Puncta 17.01.23
Selasa Biasa II
Markus 2: 23-28
DALAM kehidupan, kita akan sering menghadapi persoalan yang dilematis. Kita dihadapkan pada sebuah pilihan dari dua hal yang saling bertentangan.
Misalnya, pada hari Minggu saya harus ke gereja untuk sembahyang, di waktu yang sama ada tetangga sakit yang harus segera dibawa ke rumah sakit.
Manakah yang harus saya lakukan? Tetap pergi ke gereja dan membiarkan tetangga kesakitan atau menolong tetangga tapi mengorbankan sembahyang pada hari Minggu?
Banyak sekali dilema-dilema yang mesti kita hadapi. Dari yang mudah sampai yang sangat rumit menyangkut hidup dan mati seseorang.

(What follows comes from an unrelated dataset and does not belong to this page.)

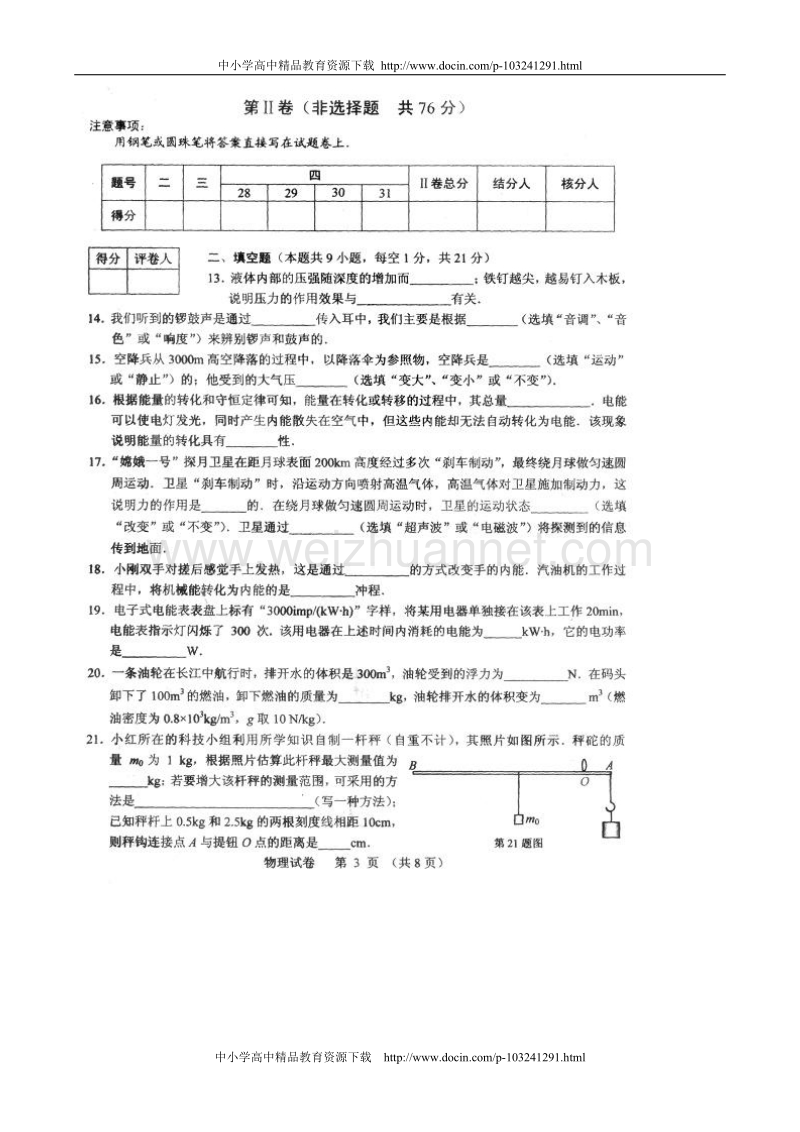 江苏省南通市中考物理试题(图片)---2008年[教育精品].doc_第3页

Dalam kisah lahirnya Wisanggeni, Batara Brahma menghadapi dilema yang sulit. Brahma punya anak namanya Dewi Dresanala yang sudah diperistri Arjuna.

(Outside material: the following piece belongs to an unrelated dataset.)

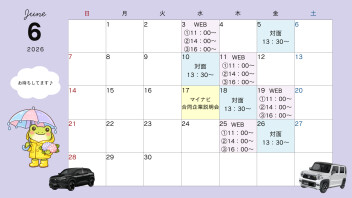 【6月】会社説明会開催＆合説出展情報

Namun Batara Guru, Ayah Brahma memerintahkan agar Dresanala diceraikan dari Arjuna dan diserahkan kepada Dewasrani, Anak Batara Guru dengan Batari Durga.
Menolak perintah artinya melawan orangtua yang dihormati dan pasti akan dihukum namun jika mentaati perintah dia harus memisahkan cinta Arjuna dan Dresanala yang sudah mengandung bayinya.
Brahma lebih takut pada perintah Batara Guru, maka dia memisahkan anaknya itu dengan Arjuna.
Gonjang-ganjinglah seluruh Kahyangan. Rusak segala aturan moral dan perikedewataan.
Wisanggeni lahir dan mengobrak-abrik seluruh Kahyangan karena para dewa justru melanggar aturannya sendiri.
Dalam perikope ini Yesus dihadapkan pada sebuah kasus ketika murid-murid-Nya memetik bulir-bulir gandum pada hari Sabat.
Orang Farisi protes, “Lihat. Mengapa mereka melakukan sesuatu yang tidak diperbolehkan pada hari Sabat?”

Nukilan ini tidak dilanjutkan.